June 04, 1993|DAVID S. BARRY | SPECIAL TO THE TIMES; David S. Barry is a frequent contributor to Valley Life

One of the prizes in Mike Parti's jewel-like collection of antique motorcycles was a rusted skele ton when he pulled it out of a Northern California creek a dozen years ago.

The motorcycle is a rare 1913 Yale, brought back to as-new condition in an extensive, five-year restoration by Parti. It now sits in Parti's tiny Van Nuys garage, one of 23 bikes--along with a 1903 Orient, a 1906 Reading Standard, a 1906 Crouch, a 1907 Indian, a 1911 Excelsior and a 1916 Harley-Davidson--that he has restored from dereliction to museum-grade perfection.

Replacing missing or hopelessly damaged parts on a 1913 motorcycle is a challenge made easier because Parti happens to be a machinist whose business is making parts.

"It's usually easier to make a new part for an 80-year-old machine than it is to restore an old one," says Parti, 57, a husky, blunt-speaking man who wears thick glasses and walks with a limp, a reminder of the hazards of his former motorcycle racing career.

"For the Yale, I had to make half of the front forks, the exhaust system, the pedal crank arms and the primary chain case," he says.

The pieces he is describing are components of a delicate-looking machine with the large, thin tires and long handlebars of the era, a bike Parti considers significant in early American motorcycle history.

"In 1903, a Yale made the first recorded cross-country motorcycle trip," Parti says. "By 1913, the year of my bike, there were 300 American motorcycle manufacturers."

Today, only one, Harley-Davidson, survives. The serial number of Parti's Yale indicates that it was the 22,000th motorcycle produced by Yale. Today, he believes that between 20 and 30 Yales exist. His flawlessly restored 1903 Orient is one of perhaps five surviving Orients.

His 1911 Excelsior, one of a handful of Excelsiors, carries the distinction of being the first motorcycle clocked at 100 m.p.h.

"That was fast in those days," says Parti, himself a three-time American national motorcycle side-car racing champion.

"There wasn't anything else that fast then. No car could do that. No plane could go that fast. Nothing could, except maybe a train, on a demonstration speed run. Motorcycle racers were really the daredevils of the era."

Parti, whose family moved to Southern California from Indiana in 1945, was trained as a machinist, and took up racing motorcycles because he could not afford to race cars. He found his niche in the rather arcane arena of motorcycle sidecar racing, in which he was the American Motorcycle Assn. national champion from 1965-67.

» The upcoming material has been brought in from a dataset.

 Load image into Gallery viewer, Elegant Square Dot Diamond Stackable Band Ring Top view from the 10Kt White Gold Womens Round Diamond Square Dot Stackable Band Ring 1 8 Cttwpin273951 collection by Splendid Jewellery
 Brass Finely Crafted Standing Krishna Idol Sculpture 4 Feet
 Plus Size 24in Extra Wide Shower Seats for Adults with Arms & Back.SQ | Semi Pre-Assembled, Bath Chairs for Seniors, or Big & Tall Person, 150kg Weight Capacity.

After breaking both arms in a crash in 1975, Parti took to collecting and restoring old bikes full time. He still rides, but only on the street. And because of their rarity, Parti does not ride his antique bikes.

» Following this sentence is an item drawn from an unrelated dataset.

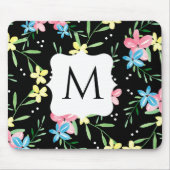 Schwarzes florales Monogramm Mousepad (Vorne)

"I fire them up when I first put them back together, and some of them I've ridden once," Parti says, "but that's it. I restore them as examples of what those bikes were, exactly the way they were, so future generations can see what they were like."

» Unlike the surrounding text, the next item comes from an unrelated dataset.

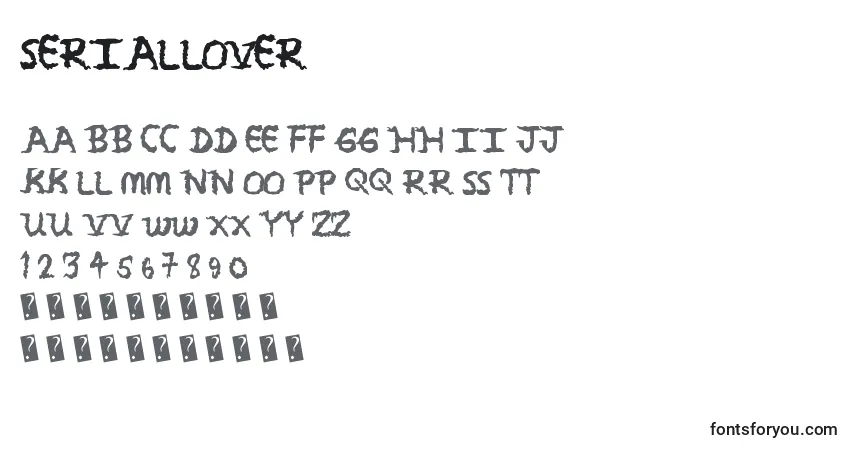 A fonte Seriallover – alfabeto, números, caracteres especiais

Parti's perfectionism in the shop extends to exactly duplicating the material and machinery used when the motorcycles were new. That means manufacturing nuts and bolts to the correct, original thread patterns.

"A good restorer is really a good counterfeiter," Parti says. "The really challenging thing is to make everything exactly right. When you do, you end up with parts that are stronger and better than they'd be if you restored the original parts."

Parti's skill and resourcefulness have brought him a select, far-flung clientele.

One of his customers is "Tonight Show" host and comic Jay Leno, a dedicated and respected collector of vintage and antique motorcycles. Parti is restoring a 1911 Pope for Leno.

"He's probably the last of the seat-of-the-pants kind of craftsmen," says Leno, himself an accomplished mechanic. "There are people who sit down with computers and take measurements. And there are people like Mike who just eyeball it. They look at a part and say, 'That's one ten-thousandths of an inch off.' And you measure it and say, 'Gee, it's one ten-thousandths of an inch off.' "

Chris Scott, proprietor of Supertwins, a Studio City shop specializing in restoration and repair of vintage ('50s, '60s and '70s) British bikes, sees Parti as an example of a vanishing breed of machinists.

"Mike has a wealth of knowledge that's beyond most people's ability to imagine," Scott says. "You can take him a part, and he'll tell you what it is, what it's supposed to look like. And he can make it. And he'll charge you a fair price. Guys like him are living legends in the business."

Parti's antique motorcycles share display space in his garage with period motorcycle pictures, brochures and advertisements that show the machines in their historical and cultural context.